O promotor Paulo Borges pede à Justiça que Gilson perca o cargo de prefeito, que tenha os direitos políticos suspensos por cinco anos e quer ainda que seja condenado ao pagamento de multa civil no valor de 100 vezes seu salário (R$ 20,2 mil), o que equivale a R$ 2,020 milhões, e que seja condenado por danos morais coletivos de 40 vezes o salário mínimo vigente à época da condenação, além de reparar “os danos sociais” causados, em valor não inferior a R$ 50 mil. De acordo com o Ministério Público, a ação foi motivada pela reiterada “desobediência” e “afronta” às decisões do TJ que decidiu pela inconstitucionalidade dos cargos em comissão.
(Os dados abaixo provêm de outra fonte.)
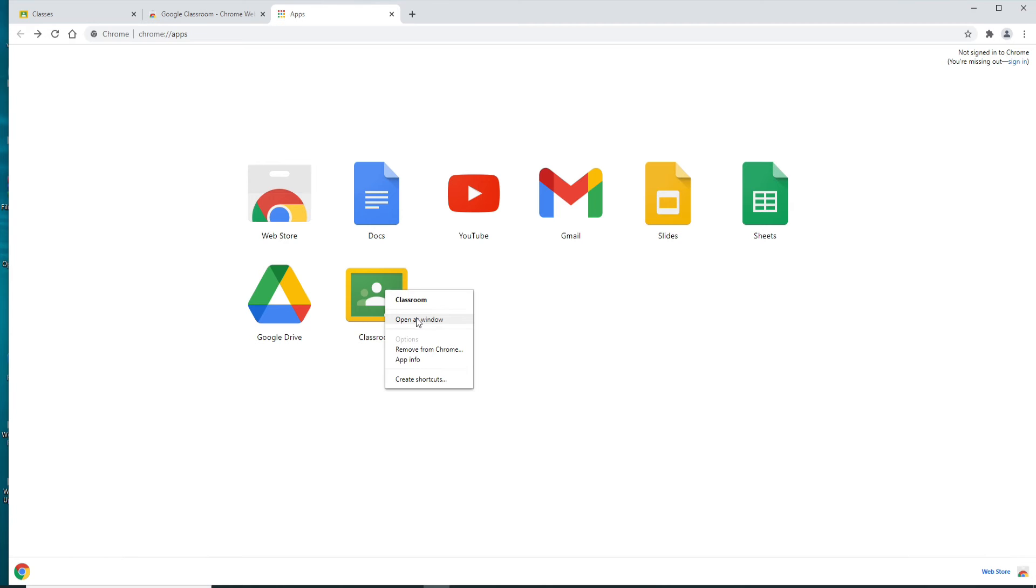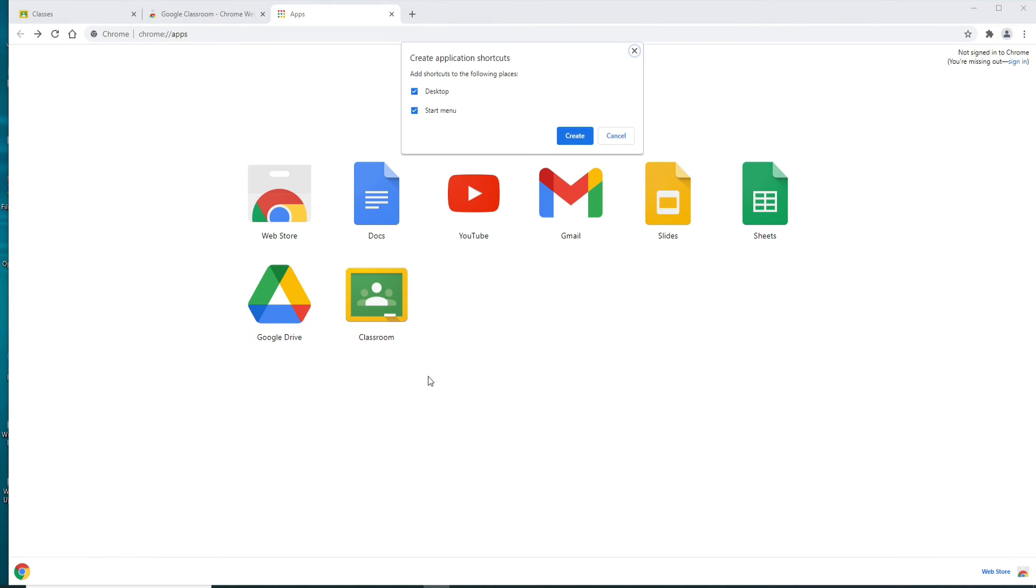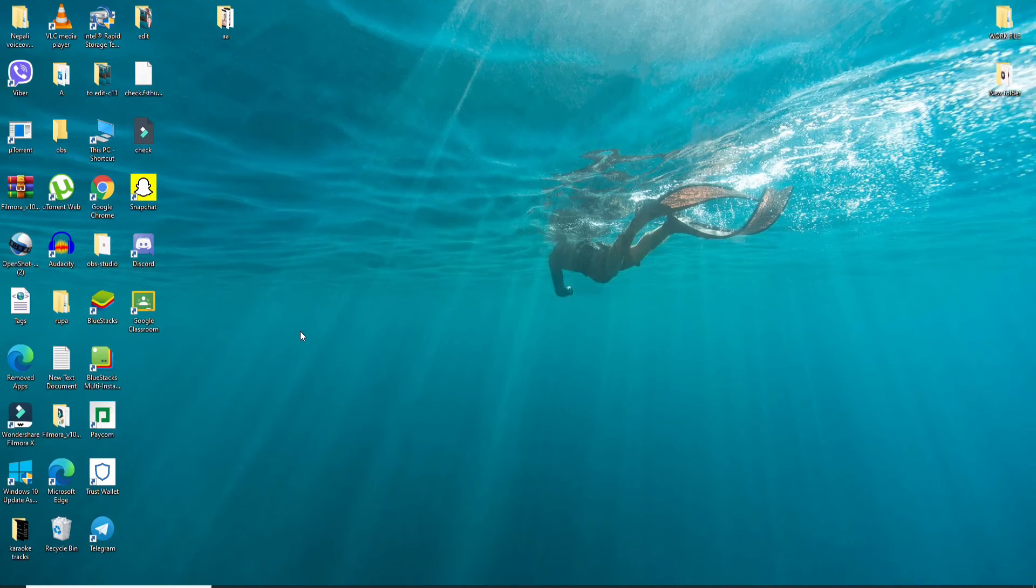Click on Open as Window. Now right-click on it one more time and select Create Shortcuts. You can add the shortcuts to the following options mentioned over here. Now click on Create, and soon after you do that...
O promotor classificou como “bisonha” a insistência do prefeito em criar cargos semelhantes aos que foram julgados irregulares pela Justiça. “O julgador chegou a ironizar a boa-fé do réu que repetiu o mesmo erro por quatro vezes, o que caracterizaria o patente interesse político mencionado”.
Para o Ministério Público, é indiscutível a má-fé do réu. “Outra conclusão não há senão a de que o réu espancou os princípios da legalidade, impessoalidade e supremacia do interesse público”. Por fim, Borges afirma que o caso da insistência de Gilson de Souza “passa a mensagem de que este gestor está acima de Deus e de todos, ou, ao menos, acima do Tribunal de Justiça”.